BEGIN THE DATA

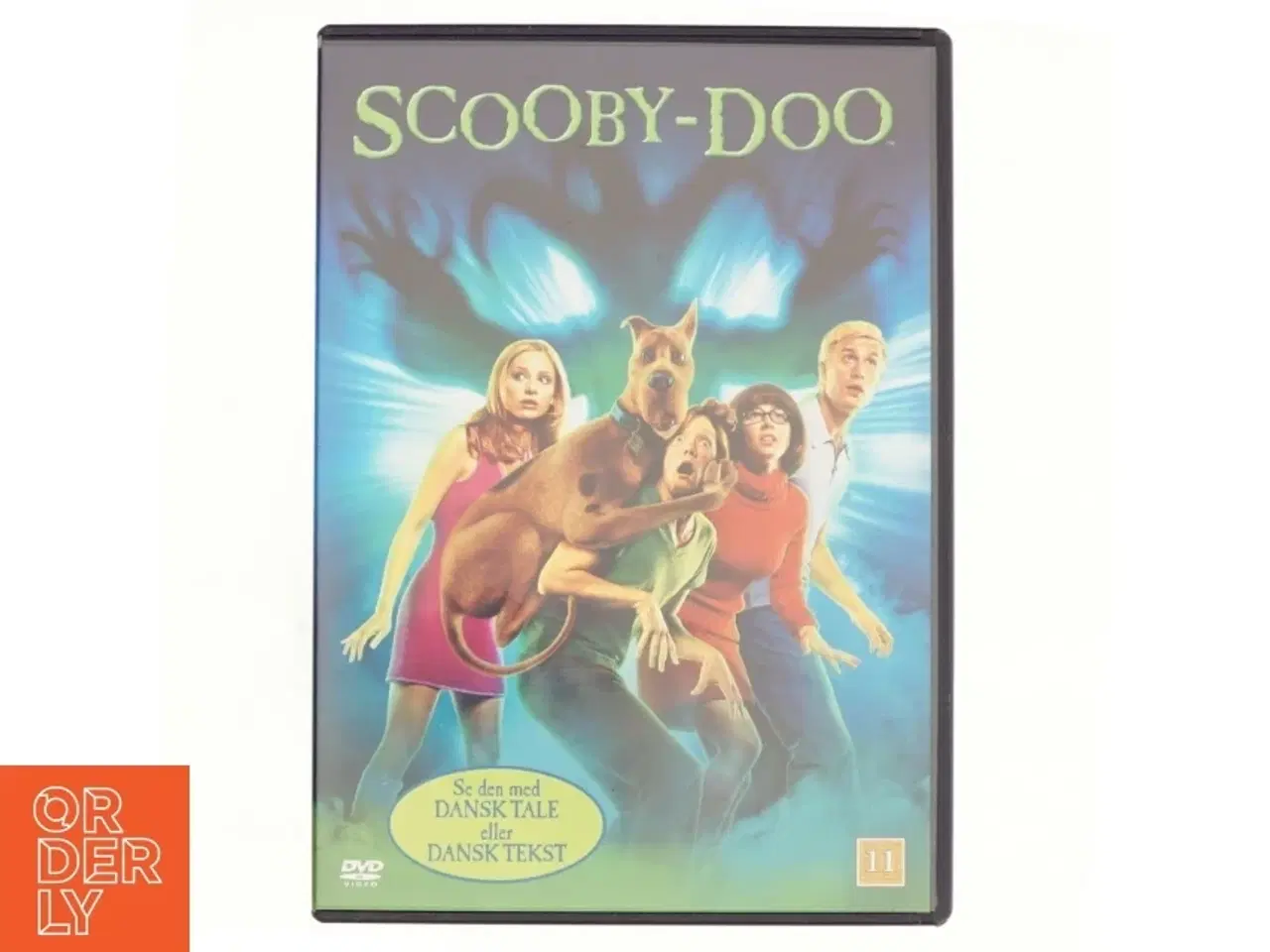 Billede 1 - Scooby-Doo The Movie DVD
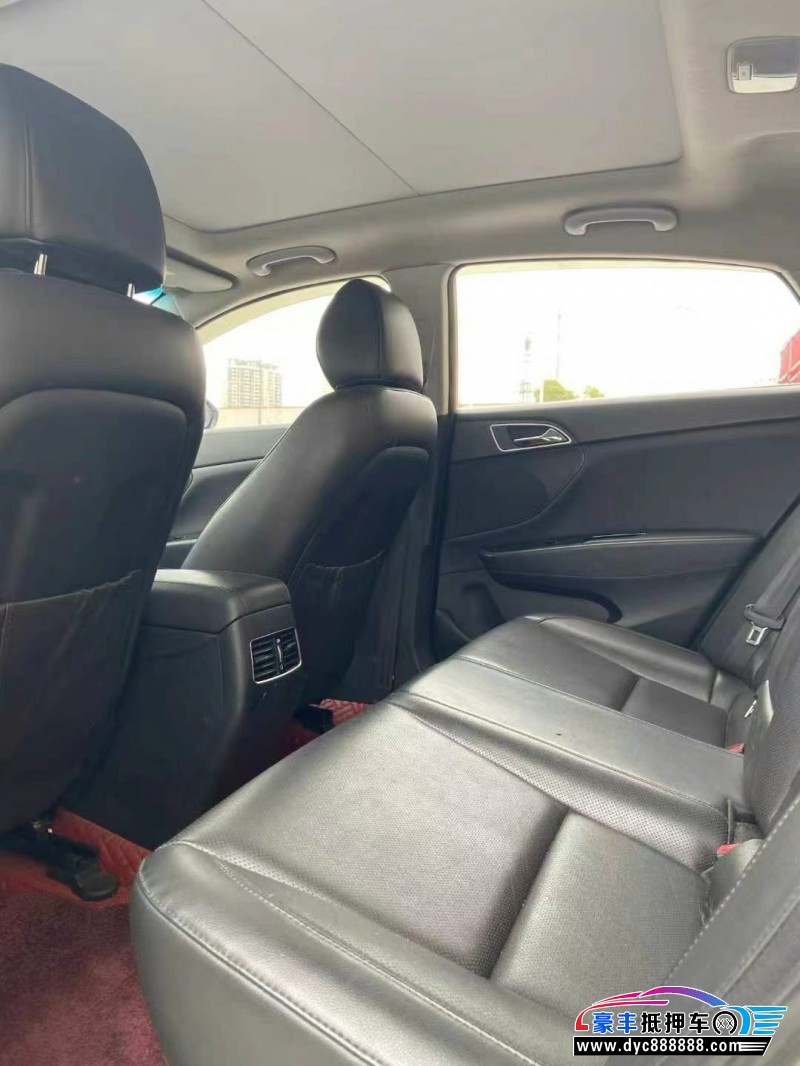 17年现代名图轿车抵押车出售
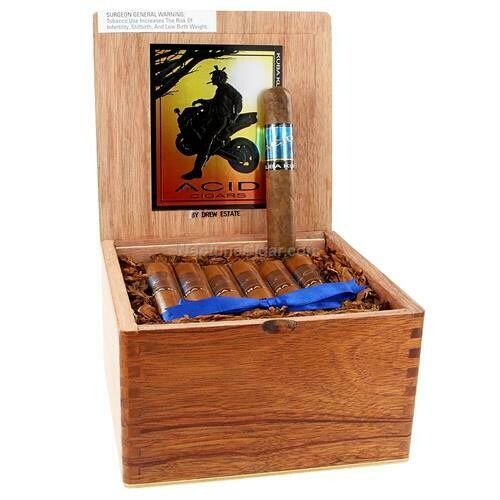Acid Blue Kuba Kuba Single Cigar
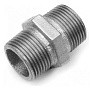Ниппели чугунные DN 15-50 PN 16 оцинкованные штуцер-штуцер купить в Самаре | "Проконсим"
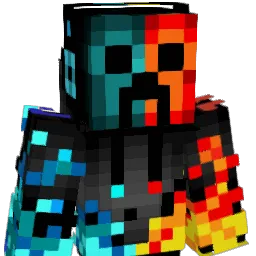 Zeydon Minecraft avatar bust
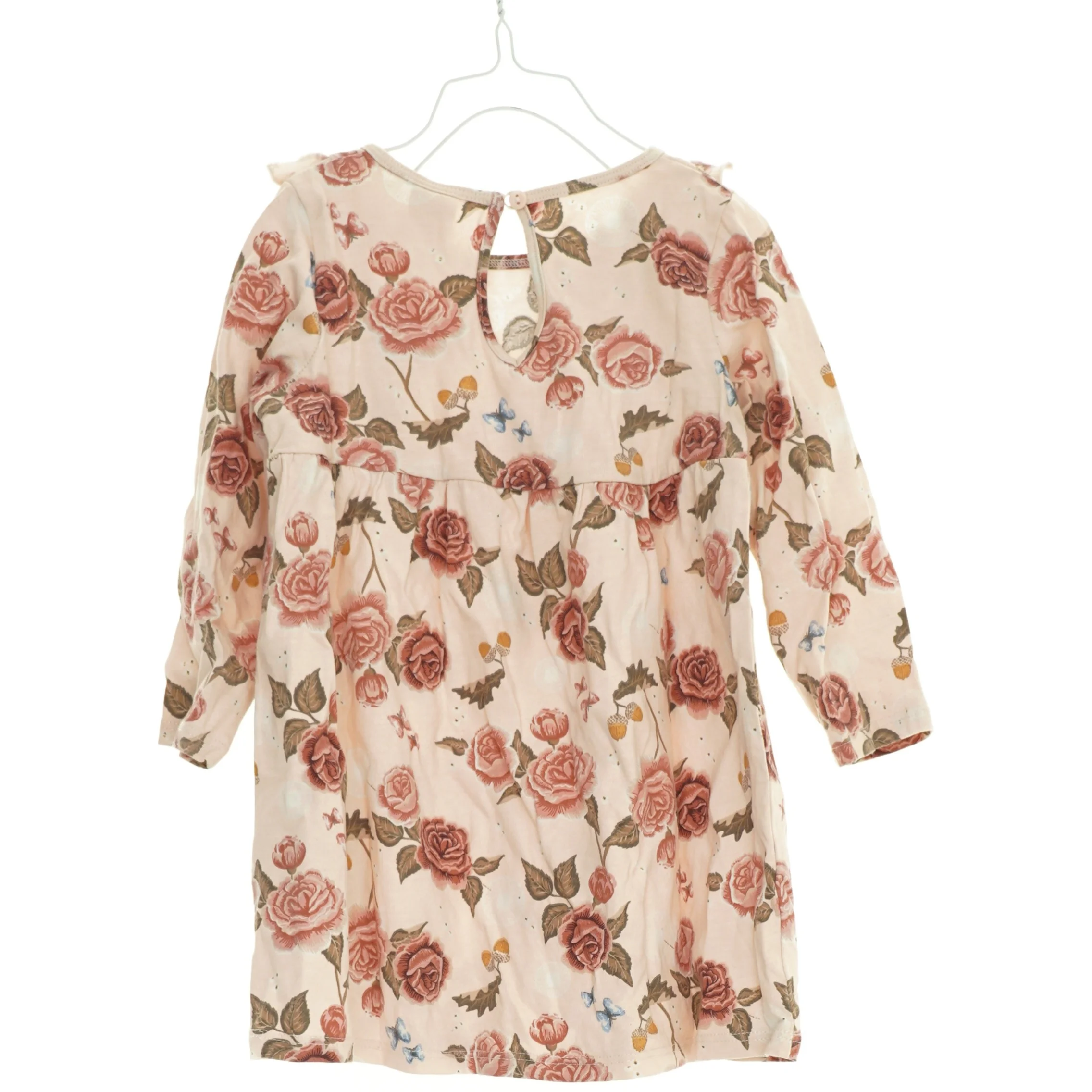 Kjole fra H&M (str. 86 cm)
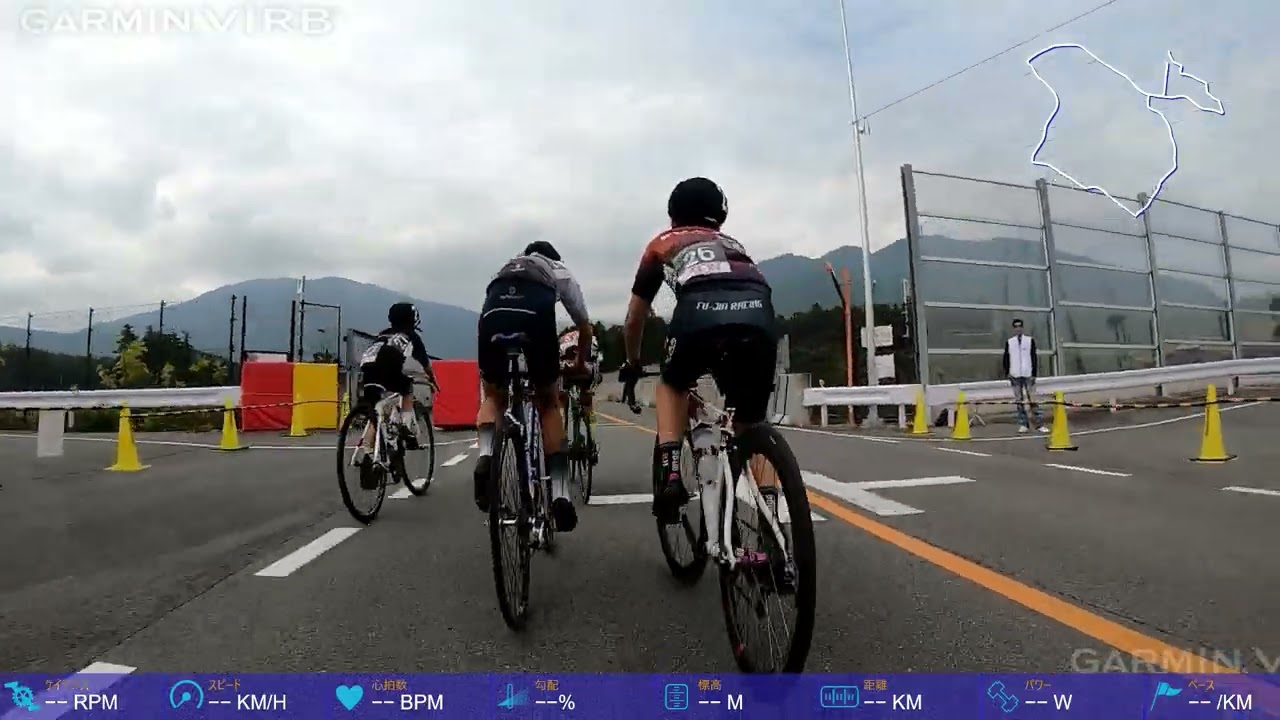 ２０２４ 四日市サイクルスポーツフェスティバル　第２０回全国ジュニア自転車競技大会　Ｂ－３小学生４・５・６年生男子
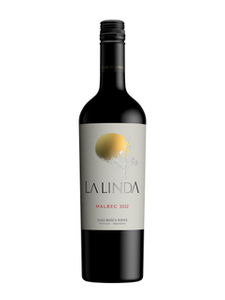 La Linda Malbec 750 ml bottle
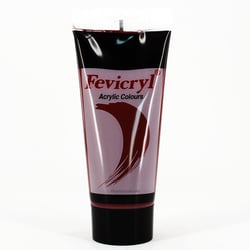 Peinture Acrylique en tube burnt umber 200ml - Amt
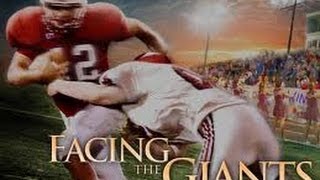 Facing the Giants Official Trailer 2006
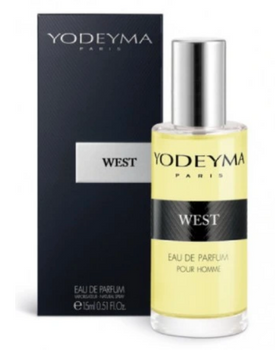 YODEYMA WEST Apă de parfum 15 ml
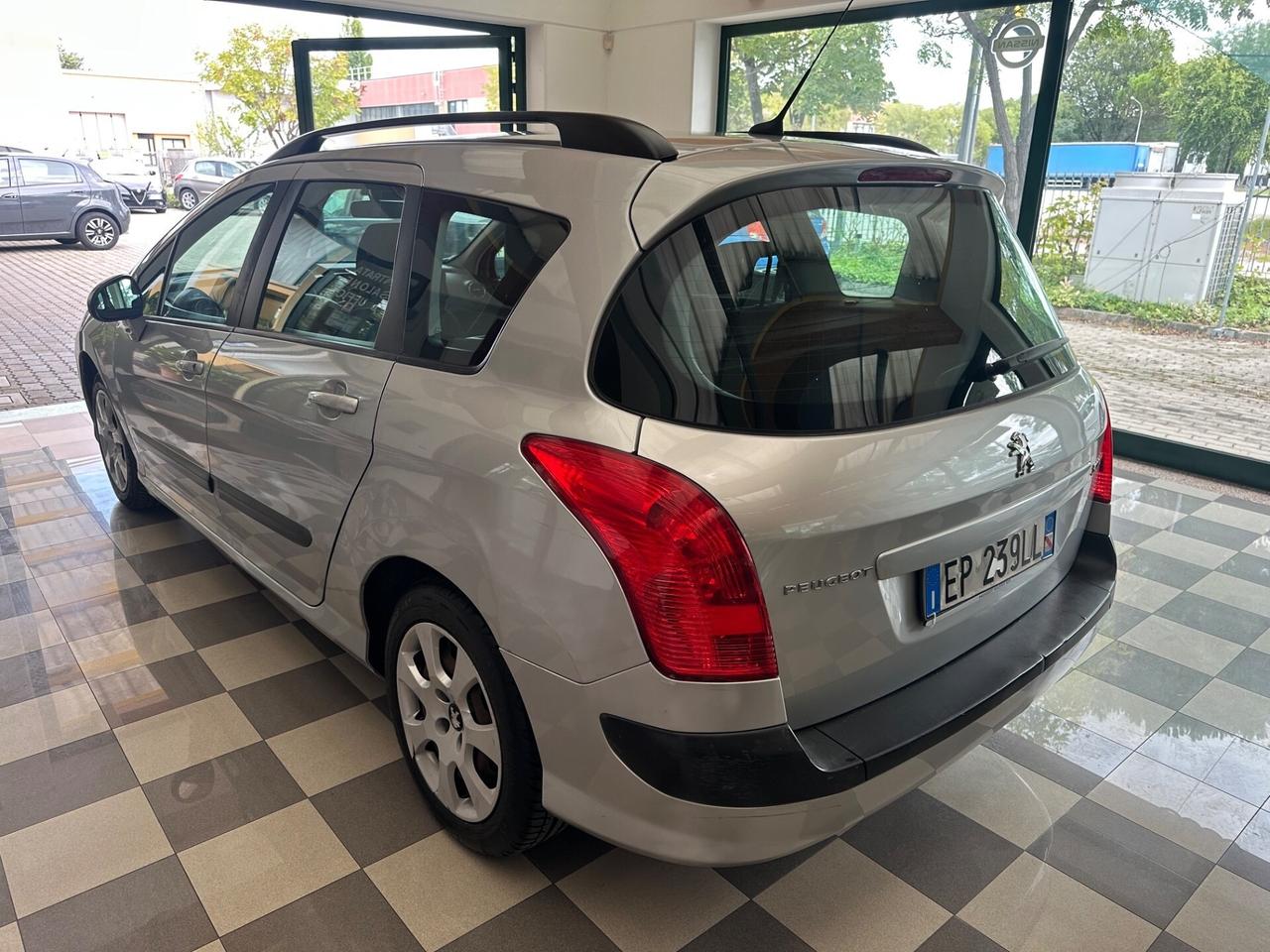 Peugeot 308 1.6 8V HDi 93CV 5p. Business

END THE DATA

**WHAT NEEDS TO BE DONE:** Could you repeat, exactly, only the lines above starting at the one that has "Kjole fra H&M (str. 86 cm)" and stopping after the one that has "YODEYMA WEST Apă de parfum 15 ml", without the pictures?

**ANSWER SPACE:**
 Kjole fra H&M (str. 86 cm)
 ２０２４ 四日市サイクルスポーツフェスティバル　第２０回全国ジュニア自転車競技大会　Ｂ－３小学生４・５・６年生男子
 La Linda Malbec 750 ml bottle
 Peinture Acrylique en tube burnt umber 200ml - Amt
 Facing the Giants Official Trailer 2006
 YODEYMA WEST Apă de parfum 15 ml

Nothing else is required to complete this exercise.